FRSB says most fundraising organisations should be obliged to become members

Alistair McLean, the fundraising regulator's chief executive, urges a system of 'self-regulation plus'

Alistair McLean
Alistair McLean

All fundraising charities and organisations with annual voluntary incomes above a certain level should be obliged to become members of the Fundraising Standards Board, according to the fundraising regulator.

In its response to Lord Hodgson’s review of the Charities Act 2006, the FRSB suggests a system it calls "self-regulation plus", to strengthen the system of regulation. It says this would involve some form of obligation on all fundraising charities and organisations with annual voluntary incomes above a certain level to become members of the FRSB. This level should be similar to the level prevailing at the time with the Charity Commission, the response says.

The review is considering all areas of charity law, including the rules governing fundraising.

The FRSB’s response to the review says its proposed regulatory model would increase the level of funding for the FRSB, which has more than 1,350 members, received through membership fees. 

"If there was a greater obligation placed on all legitimate fundraising charities to be members of the FRSB, those operating outside the law would be easier to spot," it says. "If the FRSB had sufficient funding to promote awareness, monitor compliance and administer effective and proportionate sanctions, standards would improve and public confidence would grow."

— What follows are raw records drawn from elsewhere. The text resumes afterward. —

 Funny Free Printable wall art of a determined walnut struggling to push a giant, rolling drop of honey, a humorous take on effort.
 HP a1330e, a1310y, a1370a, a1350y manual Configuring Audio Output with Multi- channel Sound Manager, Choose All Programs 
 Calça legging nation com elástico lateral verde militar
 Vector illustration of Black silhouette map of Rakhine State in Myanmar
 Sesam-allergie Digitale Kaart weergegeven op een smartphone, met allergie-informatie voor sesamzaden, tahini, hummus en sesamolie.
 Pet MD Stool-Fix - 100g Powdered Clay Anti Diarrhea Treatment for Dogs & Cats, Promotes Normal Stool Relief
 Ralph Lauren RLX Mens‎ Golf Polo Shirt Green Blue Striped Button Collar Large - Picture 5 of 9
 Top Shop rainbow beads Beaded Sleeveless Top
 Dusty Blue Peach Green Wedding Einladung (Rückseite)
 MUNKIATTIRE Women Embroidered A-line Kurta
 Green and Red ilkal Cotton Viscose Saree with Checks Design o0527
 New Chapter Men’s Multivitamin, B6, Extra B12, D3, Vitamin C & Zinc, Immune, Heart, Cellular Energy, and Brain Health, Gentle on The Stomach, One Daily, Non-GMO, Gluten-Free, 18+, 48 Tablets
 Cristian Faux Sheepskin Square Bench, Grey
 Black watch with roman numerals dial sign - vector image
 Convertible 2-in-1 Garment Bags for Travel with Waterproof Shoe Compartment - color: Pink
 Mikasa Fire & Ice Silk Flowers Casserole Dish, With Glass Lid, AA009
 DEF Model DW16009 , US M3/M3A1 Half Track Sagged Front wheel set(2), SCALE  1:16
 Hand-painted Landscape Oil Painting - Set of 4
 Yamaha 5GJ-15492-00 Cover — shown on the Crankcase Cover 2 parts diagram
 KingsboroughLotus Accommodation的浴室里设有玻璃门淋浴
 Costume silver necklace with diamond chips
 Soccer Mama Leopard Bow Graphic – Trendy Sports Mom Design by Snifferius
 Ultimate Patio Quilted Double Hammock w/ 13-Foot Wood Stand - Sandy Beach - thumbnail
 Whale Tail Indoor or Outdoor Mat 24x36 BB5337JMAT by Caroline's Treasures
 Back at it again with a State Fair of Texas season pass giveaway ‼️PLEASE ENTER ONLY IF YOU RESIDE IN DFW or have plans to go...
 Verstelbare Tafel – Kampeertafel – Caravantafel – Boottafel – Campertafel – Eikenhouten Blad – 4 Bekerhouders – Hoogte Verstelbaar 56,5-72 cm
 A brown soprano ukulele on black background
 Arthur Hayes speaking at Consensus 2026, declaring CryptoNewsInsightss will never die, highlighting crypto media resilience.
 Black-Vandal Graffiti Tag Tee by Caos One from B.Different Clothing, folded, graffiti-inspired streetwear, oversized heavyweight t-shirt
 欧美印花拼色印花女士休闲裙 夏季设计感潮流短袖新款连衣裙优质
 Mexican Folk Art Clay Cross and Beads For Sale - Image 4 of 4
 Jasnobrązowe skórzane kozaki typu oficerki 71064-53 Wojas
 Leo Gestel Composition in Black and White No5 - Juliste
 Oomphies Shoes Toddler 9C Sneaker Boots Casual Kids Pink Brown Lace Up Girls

To support greater levels of sign-up, the FRSB suggests a number of new incentives, including restricting public fundraising licences to FRSB member charities.

"There is the possibility that the review will take a position on public licences and the administration of them," it says. "Whatever recommendation is made on this matter, we would recommend that public collections licences should be issued only to FRSB members."

The response says there should be greater public acknowledgement by the Charity Commission and other strategic partners that fundraising charities have an obligation to be members of the FRSB.

"This could, for example, take the form of the commission asking all charities to declare in their annual returns if they are members of the FRSB and encouraging all those that aren’t to join," it says.

The FRSB says that 37 per cent of complaints that come directly from members of the public are about non-members’ fundraising practices. "While the FRSB follows these up, there is limited redress for us when dealing with the charity, and the negative impact on public confidence remains," the response says.

The FRSB believes it should have stronger sanctions against members that breach the Institute of Fundraising’s codes of practice, which should include the power to impose fines as a last resort – a measure the FRSB’s chief executive, Alistair McLean, told Third Sector earlier this month it was considering. The response also says it should audit charities before they sign up to become members.  

So that it can grow in scale and build public awareness of its work, the FRSB suggests other methods to increase its funding, including taking a small proportion of Gift Aid. It says it would need wide consultation before being implemented.

McLean said: "The charity sector has been quick to adapt to self-regulation and commit to best practice and should be congratulated for that commitment. But the key to strengthening the scheme further is in engaging many more members."